◆ To do ◆
All that is wanted is the exact text of the lines below from the one with "Sedia a Uovo" through the one with "Vienkartinės popierinės lėk&scaron;tės", inclusive, minus any pictures.

*** Opening Records for the exercise ***

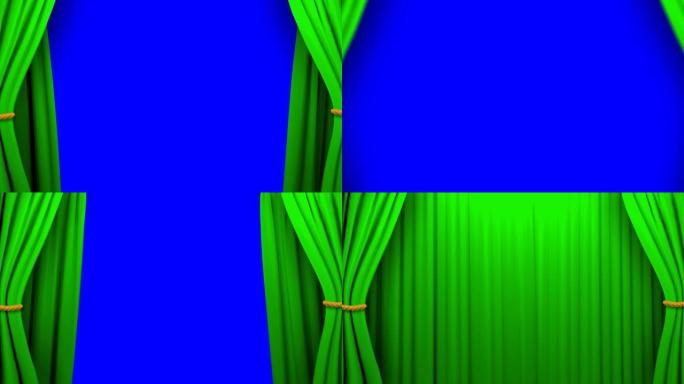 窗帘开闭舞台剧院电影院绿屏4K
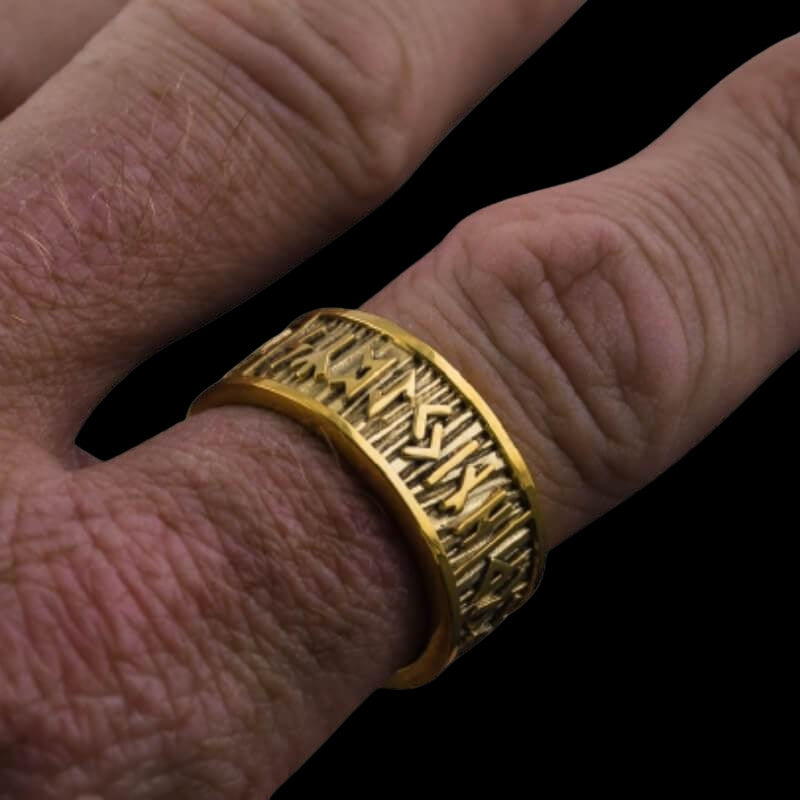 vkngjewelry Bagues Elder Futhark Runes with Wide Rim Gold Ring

*** Closing Records for the exercise ***
*** Opening Records for the exercise ***

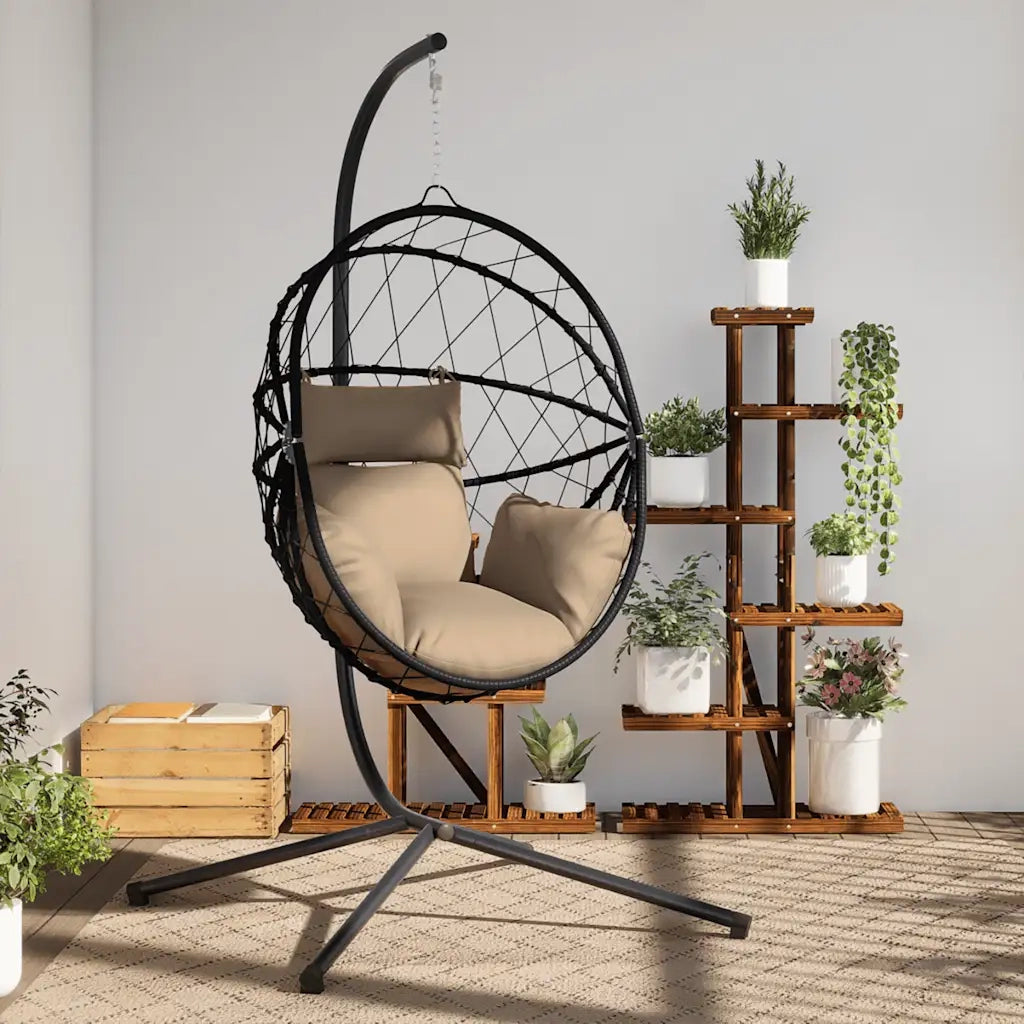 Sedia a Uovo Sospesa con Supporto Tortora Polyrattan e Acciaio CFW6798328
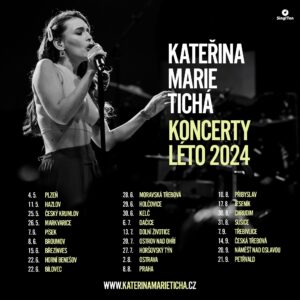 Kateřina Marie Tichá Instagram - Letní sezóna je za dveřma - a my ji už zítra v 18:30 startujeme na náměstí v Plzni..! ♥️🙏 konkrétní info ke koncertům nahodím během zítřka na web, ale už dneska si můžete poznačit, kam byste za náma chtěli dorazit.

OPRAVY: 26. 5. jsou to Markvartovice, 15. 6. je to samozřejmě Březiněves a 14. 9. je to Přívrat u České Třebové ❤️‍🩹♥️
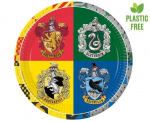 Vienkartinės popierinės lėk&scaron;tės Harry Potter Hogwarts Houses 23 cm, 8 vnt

*** Closing Records for the exercise ***

◆ Answer section ◆
 Sedia a Uovo Sospesa con Supporto Tortora Polyrattan e Acciaio CFW6798328
 Kateřina Marie Tichá Instagram - Letní sezóna je za dveřma - a my ji už zítra v 18:30 startujeme na náměstí v Plzni..! ♥️🙏 konkrétní info ke koncertům nahodím během zítřka na web, ale už dneska si můžete poznačit, kam byste za náma chtěli dorazit.

OPRAVY: 26. 5. jsou to Markvartovice, 15. 6. je to samozřejmě Březiněves a 14. 9. je to Přívrat u České Třebové ❤️‍🩹♥️
 Vienkartinės popierinės lėk&scaron;tės Harry Potter Hogwarts Houses 23 cm, 8 vnt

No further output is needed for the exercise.